The internet has made the work process much more streamlined than ever before. Platforms like Upwork, Freelancer and Fiverr feature translators to virtually every language under the sun. They are easy to use and they provide an escrow function for your project. You deposit the agreed fee for the project in advance, but it’s not released unless and until you accept the deliverable.
Just like other online services, you can review profiles and ratings, portfolio and reviews. You can ask questions and negotiate the listed rates.
The direct access comes at a cost of more management time and responsibility falling in your shoulders. You need to personally select freelancers for each language. And ask yourself: who checks the work of the translator? If you don’t have a trusted linguist in the target, it’s usually a good idea to hire in pairs: one to check the work of the other, and to serve as a backup if one flakes out.
Alternative #2 to Translation Companies: Welcome to the Machine… Translation
For landing pages and more, it may be sorely tempting to consider using Google Translate, Microsoft Translator, DeepL, or one of the other usually free online line machine translation resources. The quality of the translation produced by these software algorithms – usually powered by the Artificial Intelligence modality of neural networks – is steadily improving. For some types of structured translation, they may even beat out human linguists in terms of output and efficiency.
There are some translation companies that will recoil in horror if you suggest using these for your landing pages. “Don’t give in to the temptation!” they will warn you. Do they feel threatened? Perhaps. Machine translation threatens their bread and butter.
The integration of machine translation into the arsenal of the translator and, in particular, the localization company, is an inevitability. It’s no longer a case of whether to use AI-driven translation: that war has been fought and won, by the software. The remaining question is how software can best be integrated into the art and craft of the translator and localization professional.
Machine translation can be an invaluable supplement and “second opinion” to human translation. The best translation software suggests alternatives for words and expressions that could be paraphrased. It would be foolish to ignore them. So too translation management software lets developers and localizers track multiple local language versions in a highly organized manner. At this stage, mobile app developers and other software development companies could not live without them.
In the same way that Landingi has revolutionized the craft of building and managing landing pages, translation software takes care of the humdrum mechanical aspects.
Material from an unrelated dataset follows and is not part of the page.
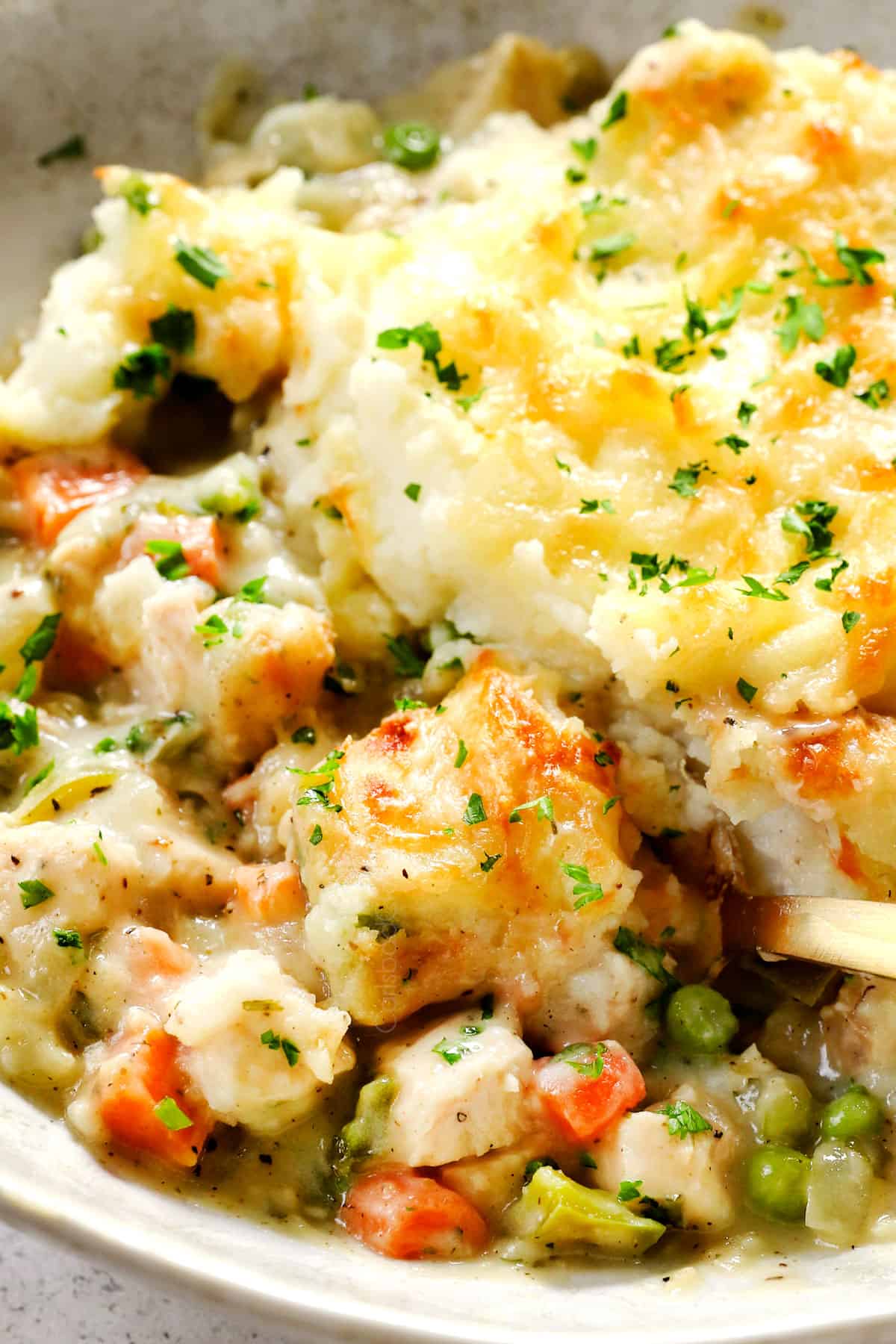 up close of serving turkey shepherds pie showing the creamy filling with leftover turkey with mashed potatoes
That lets the creatives – rockstar designers and (humble) copywriters – step up and prove the human values of ingenuity, cleverness, invention – that produce the special sauce that differentiates a ho-hum landing page from a wicked good one
Do You Really Needed a Translation Company to Go Global?
Landing pages are an art form. Anyone who tells you they can be generated by a cookie cutter or a machine translator is selling you a bill of goods. If you have only one or two foreign languages as priorities, you can save money working efficiently via freelance platforms with a tag-team of hand-picked translators, one complementing the other.
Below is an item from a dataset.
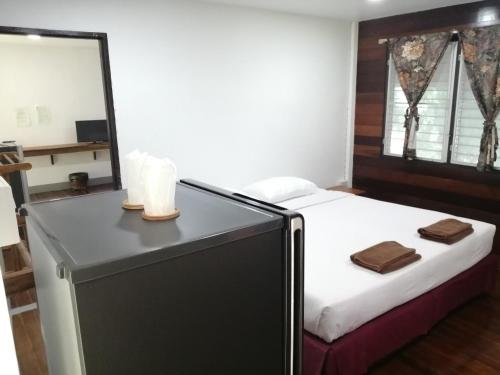 Postel nebo postele na pokoji v ubytování Jansom Beach Resort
However, as the number of languages grows, with your globalizing ambitions, you will be hard-pressed to manage your landing page localization project in this piecemeal way. As your budget allows, and your project grows in scope, it will make more and more sense to seek out a scalable one-stop solution.
It’s important to always keep in mind that – regardless of language – good landing pages follow specific best practices principles. Adhering to them will increase your conversions, regardless of language. But together with translated, localized content, you now possess the knowledge to increase click language by language, creating a truly effective globalized web presence. Work closely with your translation/localization partner to optimize the probability that your projects will produce soft landings with good, hard KPIs!